After high school life was over, in 2007, at only 17 years old, Baker traveled from Atlanta, GA to Tallahassee, FL. She was determined to attend Florida Agricultural and Mechanical University (FAMU or Florida A&M), majoring in Broadcast Journalism with a minor in Spanish. Baker spoke of her decision to go to this highly praised HBCU (Historically Black College or University). “HBCUs have been a huge part of my family,” she stated. “Everyone in my family attended Tennessee State University (TSU) in Nashville. However, I did not want to go to Nashville. I love Florida so I chose to go to the largest HBCU in the nation—FAMU in Tallahassee, FL. FAMU is a rival to TSU. Some of my family members were not happy that I chose to go there.” However, her family was all the more excited when Baker graduated from FAMU in 2011, with the highest honors, Summa Cum Laude.
Like many, before graduating with honors, for Baker it was a struggle to get there.
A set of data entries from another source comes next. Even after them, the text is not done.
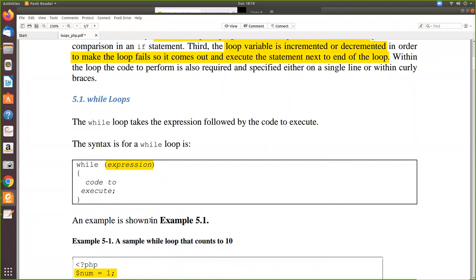Now let us see an example of the while loop. The while loop has the following syntax: 'while' followed by a conditional expression in brackets, then the code to be executed within curly braces. It can be any valid PHP code — not just a single line. More than one statement can come inside a while loop. All those statements you want to execute repeatedly can be placed here, provided the condition is true. When the condition becomes false, the loop ends and the next line after the loop is executed.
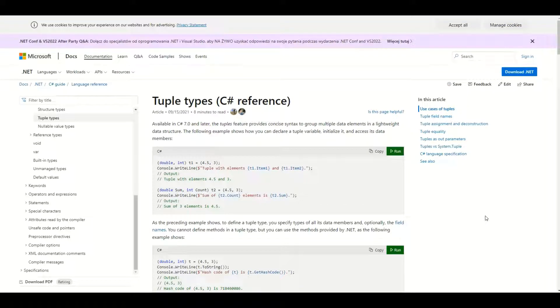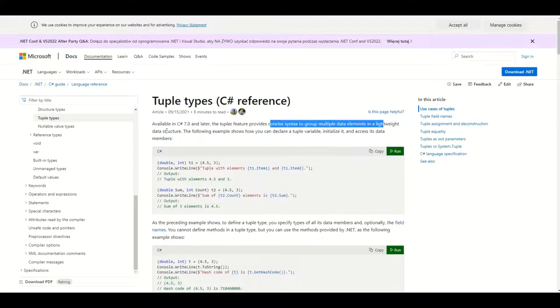Hello guys, let's talk about tuples in C#. Tuples provide concise syntax to group multiple data elements in a lightweight data structure. Let's see what it means on a practical example.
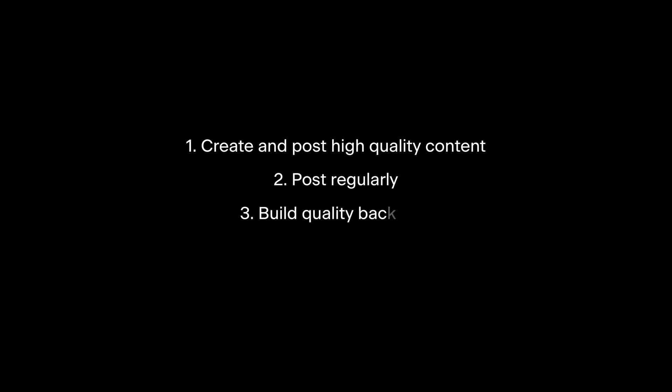Firstly, make sure to create high quality content. Secondly, post regularly. Third, build quality backlinks from other reputable sites. And fourth, encourage customer reviews from your service or product.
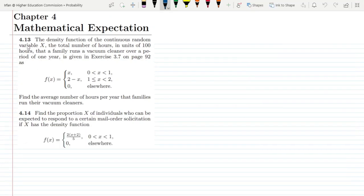Hello guys, this is Chapter 4 and today we are going to solve two questions which are closely relevant with each other. The first question is 4.13. The density function of the continuous random variable X — the total number of hours in units of 100 hours that a family runs a vacuum cleaner over a period of one year — is given as: f(x) = x for 0 < x < 1, f(x) = 2 - x for 1 ≤ x < 2, and 0 elsewhere.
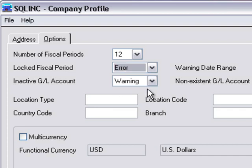For more information about setting up fiscal period locking, see the System Manager help for fiscal calendar.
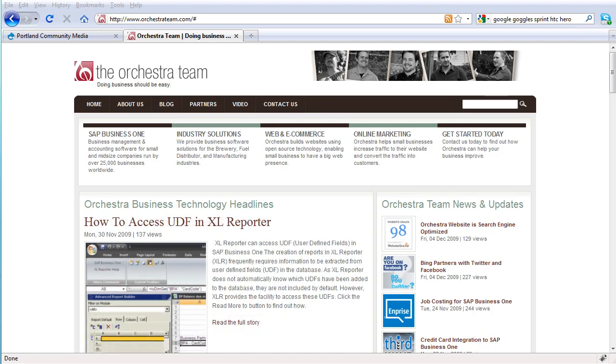Welcome to the Orchestra Team's Drupal Basics Series. This video is going to be covering how an internal user will log into a Drupal site in order to do things like administer the site, create content, or access restricted areas.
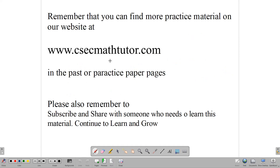Remember that you can find more past and practice papers on our website at ccmathtutor.com. Before you go, if you haven't subscribed already, please remember to subscribe and share this information with somebody who needs to learn this. Thank you for watching and continue to work hard.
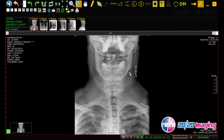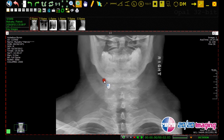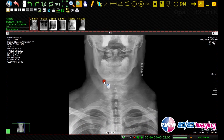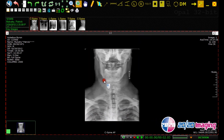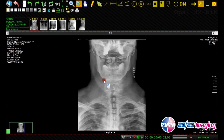The zoom tool allows us to increase or decrease the overall size of the image. By left clicking and holding down the left mouse button and rolling the mouse forward, we can increase the size of the image, and by holding the left mouse button down and pulling the mouse backward towards us, we can decrease the size of the image.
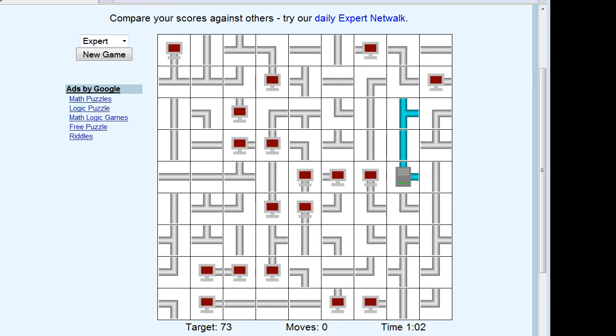Hi, this is Ray, and I just found this really interesting little game called NetWalk, available at logicgamesonline.com. I thought I'd give a bit of a walkthrough because it's a pretty challenging puzzle, although it looks relatively simple.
Baker shared with me one of her most personal, exclusive stories that entails the emotional and physical abuse from an ex-boyfriend she met while attending FAMU. Baker recalls the vicious memories of this dark corner in her life. “I was raped by a member of a black fraternity,” she declares. She continues to say that her boyfriend at the time, also in a black fraternity, heard from his friend, a member of yet another black fraternity, about the incident before she had the chance to tell him. Unfortunately, Baker’s boyfriend did not believe that she was raped, from word of his friend and merely thought she cheated on him. This is where she says the emotional abuse began.
Baker remembers the details of these hurtful actions from her now ex-boyfriend. She said, “I would cook breakfast, lunch and dinner for him and he would always get mad at me.” She continued on, “He was an alcoholic. We used to drink about a bottle and a half of gin every week. He would force me to drink and have sex with him. He would flip out on me and tell me I’m a nobody.”
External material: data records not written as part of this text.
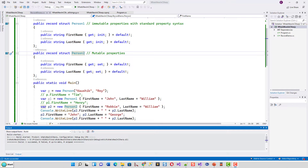Now there is another improvement: the improvements of structure types. C# 10 introduces certain improvements related to struct types. You can now declare an instance parameterless constructor in a struct type and initialize an instance field or property at its declaration. Additionally, the left-hand operand of the 'with' expression can now be of any struct type or an anonymous reference type.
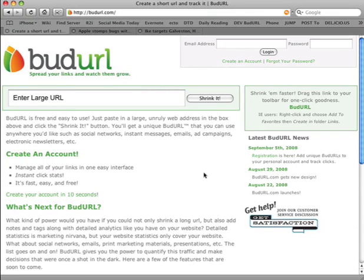Welcome to BudURL. BudURL is very similar to many other URL shortening services, but there's a lot more going on behind the scenes. In the background, we're also collecting a lot of statistics that tell you detailed information about the traffic that's happening on all the links that you create.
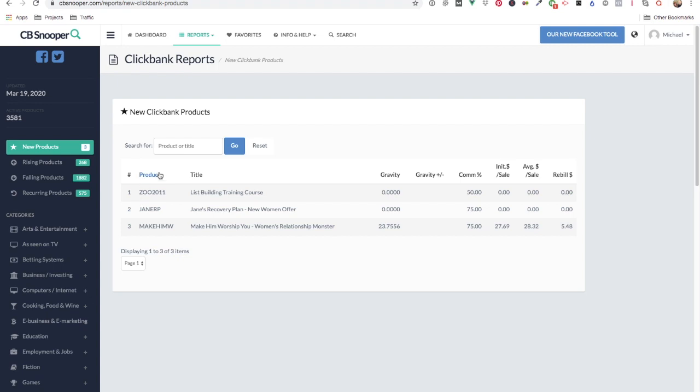You have the product ID, the title, the gravity change since yesterday, the commission, the sales, average sale and the rebill amount.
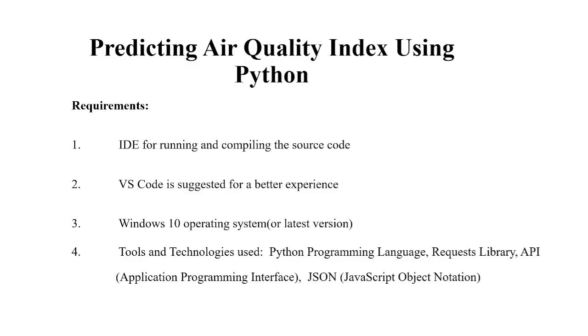Hello everyone, welcome to your favorite YouTube channel by Project Ideas. Today we are going to make a project which is based on Python and whose topic is predicting air quality index.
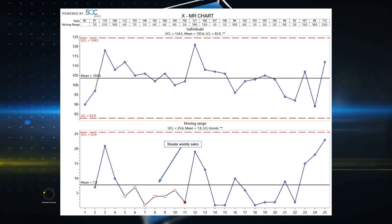I have an XMR chart up on screen. The chart shows restaurant weekly sales data — so it's not manufacturing widgets, it's just data over time. The top chart shows each week's sales and the average of those sales across the 20 to 30 weeks shown. The bottom chart is a variability chart — how much variation there was in sales week to week. These are the individuals or X chart on top, and the moving range or variability chart on the bottom, along with statistical control limits.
Since her boyfriend’s license was suspended, Baker had to tend to his every need, driving him around wherever he needed to be. “A basic day in my life began at 5:30am. I would get up, and wake up my friend who lived with me and my neighbor,” she said. “They would ride with me to school. My boyfriend worked at Walmart over night. I would have to pick him up from Walmart by 7:00am, take him home and then go to school myself.”
All in all, throughout hardship and abuse, Baker still managed to keep her life in order. She remained a competition cheerleader at FAMU and graduated on the Dean’s list with a GPA of 3.8. Overcoming it all, Baker has a new sense of purpose and vigor for life. She overcame the addictive likes of her ex-boyfriend and moved on from a dark situation. She said, “I feel like I can take on anything. Through all of that I still managed to keep my sanity, keep my grades up and activities on campus. I didn’t let him take my life over to the point where I lost myself.”
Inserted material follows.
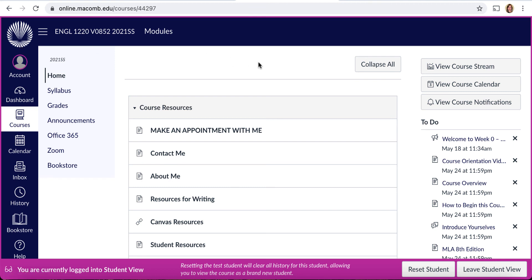Feel free to reach out to me once our course begins on Monday, May 24th. I look forward to working with all of you. Thank you for taking the time to watch this video. Let me know if there's anything I can do for you along the way — I'm here to help however I can. I want to see you succeed in this course. Enjoy your weekend of freedom before the course begins!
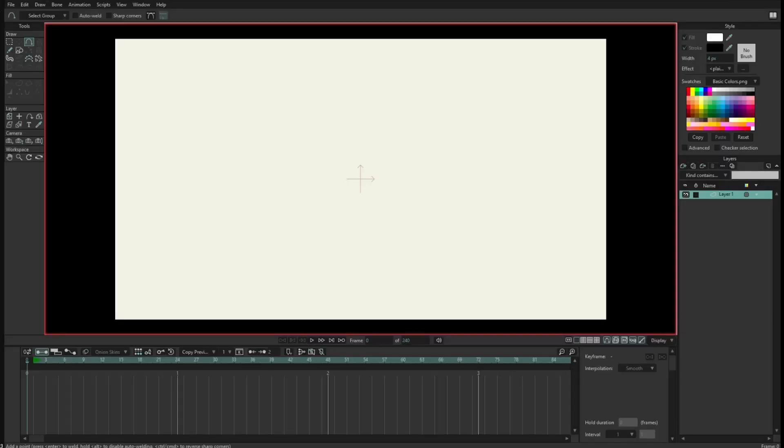Hello, I am Victor Paredes, product manager of Moho, and I want to show you some of the changes that the add point tool has.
In May 2012, Baker began to attend Full Sail University, majoring in the Entertainment Business Masters program. After graduating from Full Sail, she plans to start her own event management company. “I want to do music conferences, concerts, and parties,” she says. In the next three years, Baker sees herself back in Atlanta coordinating events and parties.
Leaving us with encouraging words that may be a span of hope for any other woman dealing with this similar crisis. Baker speaks as a voice to stand up and fight for what one believes in. “I think my story can help because sometimes women will lose themselves over a man. But, I feel we are worth so much more than that. I am so open about my story because I want for others to see you can overcome obstacles.”